L’importance de l’imperfection
Que souhaitez-vous transmettre à travers vos créations ?
Ce qui m’intéresse, c’est de faire passer une émotion. Je voudrais que l’on ressente à travers mes vêtements ce que j’ai essayé d’exprimer avec mes mains. Je désire préserver quelque chose de très viscéral et expressif. J’aime aussi l’idée de conserver les erreurs de mes dessins, puis de les transposer dans mes créations. Une grande part de la beauté de la couture réside dans ce travail manuel, qui n’est jamais parfait. Je pense que plus les choses s’automatisent, plus les créations façonnées de nos propres mains deviennent fascinantes.
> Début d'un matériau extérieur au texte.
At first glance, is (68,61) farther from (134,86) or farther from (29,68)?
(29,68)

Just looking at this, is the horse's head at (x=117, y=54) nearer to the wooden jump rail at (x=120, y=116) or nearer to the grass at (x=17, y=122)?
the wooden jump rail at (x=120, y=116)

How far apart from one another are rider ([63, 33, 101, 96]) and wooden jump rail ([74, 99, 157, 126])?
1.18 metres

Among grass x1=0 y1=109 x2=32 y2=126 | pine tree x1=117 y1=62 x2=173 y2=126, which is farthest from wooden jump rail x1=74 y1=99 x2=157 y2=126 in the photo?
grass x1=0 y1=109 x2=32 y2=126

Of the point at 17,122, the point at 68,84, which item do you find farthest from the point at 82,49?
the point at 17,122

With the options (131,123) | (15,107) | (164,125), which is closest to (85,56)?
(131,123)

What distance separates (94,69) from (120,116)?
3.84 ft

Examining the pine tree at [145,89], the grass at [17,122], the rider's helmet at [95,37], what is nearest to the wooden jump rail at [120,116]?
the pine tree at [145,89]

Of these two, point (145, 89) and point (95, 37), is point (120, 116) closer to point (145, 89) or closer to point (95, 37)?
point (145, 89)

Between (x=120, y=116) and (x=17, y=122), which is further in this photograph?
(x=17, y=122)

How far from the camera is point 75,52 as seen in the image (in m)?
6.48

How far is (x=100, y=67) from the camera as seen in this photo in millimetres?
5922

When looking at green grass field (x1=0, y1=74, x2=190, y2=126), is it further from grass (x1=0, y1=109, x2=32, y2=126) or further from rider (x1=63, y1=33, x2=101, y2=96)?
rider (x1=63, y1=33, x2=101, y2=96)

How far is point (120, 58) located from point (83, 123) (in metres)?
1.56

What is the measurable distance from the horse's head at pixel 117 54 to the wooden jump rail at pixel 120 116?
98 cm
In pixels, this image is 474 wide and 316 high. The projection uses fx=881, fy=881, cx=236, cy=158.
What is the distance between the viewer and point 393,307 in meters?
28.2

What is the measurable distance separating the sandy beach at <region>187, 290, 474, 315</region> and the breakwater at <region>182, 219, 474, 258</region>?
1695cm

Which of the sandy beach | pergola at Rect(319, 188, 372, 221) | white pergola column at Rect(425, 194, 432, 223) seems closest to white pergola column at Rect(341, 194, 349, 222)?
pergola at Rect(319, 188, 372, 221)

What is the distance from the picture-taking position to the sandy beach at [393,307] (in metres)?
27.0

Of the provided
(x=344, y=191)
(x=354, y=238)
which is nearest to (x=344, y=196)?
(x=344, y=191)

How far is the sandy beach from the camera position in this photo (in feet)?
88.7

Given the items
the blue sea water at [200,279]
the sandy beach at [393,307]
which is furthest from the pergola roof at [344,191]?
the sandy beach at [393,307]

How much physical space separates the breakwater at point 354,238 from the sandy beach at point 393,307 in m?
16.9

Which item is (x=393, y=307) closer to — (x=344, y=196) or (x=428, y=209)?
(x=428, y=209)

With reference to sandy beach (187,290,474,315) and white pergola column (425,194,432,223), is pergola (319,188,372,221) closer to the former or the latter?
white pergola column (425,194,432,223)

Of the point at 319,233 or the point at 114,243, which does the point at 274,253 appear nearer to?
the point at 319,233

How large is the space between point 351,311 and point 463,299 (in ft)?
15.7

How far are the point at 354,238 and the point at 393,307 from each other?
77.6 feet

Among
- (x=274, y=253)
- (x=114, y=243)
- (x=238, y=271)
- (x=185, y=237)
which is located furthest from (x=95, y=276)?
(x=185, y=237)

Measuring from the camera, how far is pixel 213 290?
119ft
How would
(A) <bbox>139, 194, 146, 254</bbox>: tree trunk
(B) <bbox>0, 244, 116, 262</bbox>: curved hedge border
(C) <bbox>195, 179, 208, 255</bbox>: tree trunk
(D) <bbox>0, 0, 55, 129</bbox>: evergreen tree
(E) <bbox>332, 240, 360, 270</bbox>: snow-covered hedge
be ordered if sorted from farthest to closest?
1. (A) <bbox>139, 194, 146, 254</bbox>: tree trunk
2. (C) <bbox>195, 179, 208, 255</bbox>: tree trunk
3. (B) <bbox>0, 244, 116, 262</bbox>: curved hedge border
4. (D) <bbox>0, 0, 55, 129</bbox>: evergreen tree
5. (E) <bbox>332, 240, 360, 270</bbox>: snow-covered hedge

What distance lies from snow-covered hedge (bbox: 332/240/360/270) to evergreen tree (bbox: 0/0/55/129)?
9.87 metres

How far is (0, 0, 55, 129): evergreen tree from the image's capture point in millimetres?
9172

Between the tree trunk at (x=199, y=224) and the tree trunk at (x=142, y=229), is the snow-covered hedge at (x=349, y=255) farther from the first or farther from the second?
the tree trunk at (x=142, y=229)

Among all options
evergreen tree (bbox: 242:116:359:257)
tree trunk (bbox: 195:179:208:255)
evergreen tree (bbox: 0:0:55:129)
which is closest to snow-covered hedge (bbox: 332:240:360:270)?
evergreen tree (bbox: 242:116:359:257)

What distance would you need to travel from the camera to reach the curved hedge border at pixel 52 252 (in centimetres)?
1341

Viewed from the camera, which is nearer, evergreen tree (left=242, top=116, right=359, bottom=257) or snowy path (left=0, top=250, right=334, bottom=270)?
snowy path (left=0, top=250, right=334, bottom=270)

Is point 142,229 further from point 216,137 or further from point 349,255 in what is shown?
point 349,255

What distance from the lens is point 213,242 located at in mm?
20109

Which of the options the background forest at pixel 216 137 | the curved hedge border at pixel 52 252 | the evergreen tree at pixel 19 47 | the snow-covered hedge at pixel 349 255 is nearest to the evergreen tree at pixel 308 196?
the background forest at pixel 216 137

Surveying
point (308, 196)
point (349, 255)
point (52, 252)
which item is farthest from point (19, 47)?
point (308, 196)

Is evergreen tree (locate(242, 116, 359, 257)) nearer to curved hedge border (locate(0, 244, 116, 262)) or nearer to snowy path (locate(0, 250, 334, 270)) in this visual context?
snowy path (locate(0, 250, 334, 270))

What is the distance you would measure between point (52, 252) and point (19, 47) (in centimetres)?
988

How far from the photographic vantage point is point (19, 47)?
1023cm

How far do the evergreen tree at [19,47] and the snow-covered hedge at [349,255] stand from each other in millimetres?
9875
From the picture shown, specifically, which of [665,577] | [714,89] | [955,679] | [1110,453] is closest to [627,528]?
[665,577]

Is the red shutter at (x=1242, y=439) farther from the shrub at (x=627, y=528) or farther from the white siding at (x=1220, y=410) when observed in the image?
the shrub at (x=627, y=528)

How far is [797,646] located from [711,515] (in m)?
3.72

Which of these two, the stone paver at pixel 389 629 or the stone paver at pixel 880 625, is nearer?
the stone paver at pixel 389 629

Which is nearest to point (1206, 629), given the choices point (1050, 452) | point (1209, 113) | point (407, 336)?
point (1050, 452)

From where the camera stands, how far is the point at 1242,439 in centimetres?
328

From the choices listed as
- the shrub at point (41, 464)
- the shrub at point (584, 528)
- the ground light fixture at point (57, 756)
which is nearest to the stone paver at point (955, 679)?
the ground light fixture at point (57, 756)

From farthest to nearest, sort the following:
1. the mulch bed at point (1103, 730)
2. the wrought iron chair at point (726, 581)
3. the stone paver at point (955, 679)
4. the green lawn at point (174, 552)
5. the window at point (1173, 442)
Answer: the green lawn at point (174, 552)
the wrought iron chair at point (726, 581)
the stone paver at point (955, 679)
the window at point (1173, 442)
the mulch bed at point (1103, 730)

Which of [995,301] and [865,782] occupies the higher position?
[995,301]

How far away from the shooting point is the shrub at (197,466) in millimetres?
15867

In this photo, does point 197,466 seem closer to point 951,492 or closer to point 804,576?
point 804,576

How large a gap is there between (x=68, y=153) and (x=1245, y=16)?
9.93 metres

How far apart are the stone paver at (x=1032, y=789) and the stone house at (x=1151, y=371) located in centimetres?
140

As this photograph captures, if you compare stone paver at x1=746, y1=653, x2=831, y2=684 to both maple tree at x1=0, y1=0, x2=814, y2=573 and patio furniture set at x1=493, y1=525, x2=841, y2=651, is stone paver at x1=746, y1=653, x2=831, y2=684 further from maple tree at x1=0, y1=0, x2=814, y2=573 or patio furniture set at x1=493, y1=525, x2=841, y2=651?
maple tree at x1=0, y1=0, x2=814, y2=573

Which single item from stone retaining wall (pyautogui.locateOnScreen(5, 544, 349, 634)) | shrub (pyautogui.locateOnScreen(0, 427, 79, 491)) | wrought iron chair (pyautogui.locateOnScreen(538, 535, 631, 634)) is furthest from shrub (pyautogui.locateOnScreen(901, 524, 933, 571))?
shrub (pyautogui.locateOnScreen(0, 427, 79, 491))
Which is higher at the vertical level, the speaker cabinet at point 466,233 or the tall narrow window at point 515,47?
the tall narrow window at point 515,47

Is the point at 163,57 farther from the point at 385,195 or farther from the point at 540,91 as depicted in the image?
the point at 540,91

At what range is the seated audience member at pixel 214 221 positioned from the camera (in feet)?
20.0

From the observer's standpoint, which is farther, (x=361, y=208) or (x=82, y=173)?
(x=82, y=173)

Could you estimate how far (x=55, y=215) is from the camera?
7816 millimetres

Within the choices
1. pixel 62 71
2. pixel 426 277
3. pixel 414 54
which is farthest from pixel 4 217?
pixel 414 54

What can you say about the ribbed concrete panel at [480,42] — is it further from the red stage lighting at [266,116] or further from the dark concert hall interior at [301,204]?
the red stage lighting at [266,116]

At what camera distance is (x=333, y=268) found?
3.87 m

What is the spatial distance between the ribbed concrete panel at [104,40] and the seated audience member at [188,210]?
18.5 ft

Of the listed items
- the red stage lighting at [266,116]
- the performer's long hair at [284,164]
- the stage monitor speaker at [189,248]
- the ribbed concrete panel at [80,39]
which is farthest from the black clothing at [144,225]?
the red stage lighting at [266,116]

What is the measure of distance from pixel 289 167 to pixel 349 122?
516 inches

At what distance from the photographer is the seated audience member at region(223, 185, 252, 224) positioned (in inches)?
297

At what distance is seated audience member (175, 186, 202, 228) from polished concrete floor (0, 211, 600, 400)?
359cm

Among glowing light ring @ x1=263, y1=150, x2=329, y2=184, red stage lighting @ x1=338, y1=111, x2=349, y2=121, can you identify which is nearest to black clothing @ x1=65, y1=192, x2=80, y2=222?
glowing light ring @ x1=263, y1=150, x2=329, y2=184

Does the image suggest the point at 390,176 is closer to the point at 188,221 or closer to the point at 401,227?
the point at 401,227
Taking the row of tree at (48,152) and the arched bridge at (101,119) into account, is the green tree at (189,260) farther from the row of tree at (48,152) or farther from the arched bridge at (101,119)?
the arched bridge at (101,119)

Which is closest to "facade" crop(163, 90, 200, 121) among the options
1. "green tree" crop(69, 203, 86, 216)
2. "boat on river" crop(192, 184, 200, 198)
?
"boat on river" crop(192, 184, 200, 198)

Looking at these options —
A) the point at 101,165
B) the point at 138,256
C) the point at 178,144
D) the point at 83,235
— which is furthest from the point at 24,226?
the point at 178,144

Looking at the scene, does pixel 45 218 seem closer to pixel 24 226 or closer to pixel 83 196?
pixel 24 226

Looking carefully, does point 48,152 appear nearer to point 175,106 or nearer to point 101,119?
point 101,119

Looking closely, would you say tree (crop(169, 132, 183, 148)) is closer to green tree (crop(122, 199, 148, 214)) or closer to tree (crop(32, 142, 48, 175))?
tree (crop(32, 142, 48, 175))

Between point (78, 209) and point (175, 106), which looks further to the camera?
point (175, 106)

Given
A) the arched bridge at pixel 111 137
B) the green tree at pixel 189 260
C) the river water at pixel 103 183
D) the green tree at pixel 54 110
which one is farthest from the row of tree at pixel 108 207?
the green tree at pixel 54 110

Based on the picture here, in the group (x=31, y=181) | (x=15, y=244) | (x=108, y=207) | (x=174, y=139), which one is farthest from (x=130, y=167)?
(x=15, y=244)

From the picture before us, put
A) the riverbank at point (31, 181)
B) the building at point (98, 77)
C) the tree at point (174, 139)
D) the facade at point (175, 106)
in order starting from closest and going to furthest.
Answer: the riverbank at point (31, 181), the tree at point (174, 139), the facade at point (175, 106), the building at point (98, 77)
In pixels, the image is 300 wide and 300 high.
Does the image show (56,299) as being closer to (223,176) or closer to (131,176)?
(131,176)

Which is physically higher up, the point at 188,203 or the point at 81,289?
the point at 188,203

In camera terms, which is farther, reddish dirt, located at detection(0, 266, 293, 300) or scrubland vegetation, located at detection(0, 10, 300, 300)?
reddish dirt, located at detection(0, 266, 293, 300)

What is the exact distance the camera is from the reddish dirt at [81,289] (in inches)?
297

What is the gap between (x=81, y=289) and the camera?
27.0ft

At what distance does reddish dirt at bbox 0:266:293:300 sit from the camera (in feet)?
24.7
Selon moi, c’est là que se trouve l’avenir de la mode. Il y a une grande beauté dans l’erreur.
Vous faites partie des huit finalistes du prix LVMH 2025. Comment vivez-vous cela ?
C’était une expérience incroyable de rencontrer autant de personnes talentueuses et inspirantes lors de la demi-finale. Et je suis d’autant plus heureux de pouvoir présenter mon travail à des créateurs que j’admire depuis toujours. J’ai hâte de dévoiler mon univers, mes dessins, ma façon de faire les choses. J’essaie vraiment d’apporter quelque chose de différent.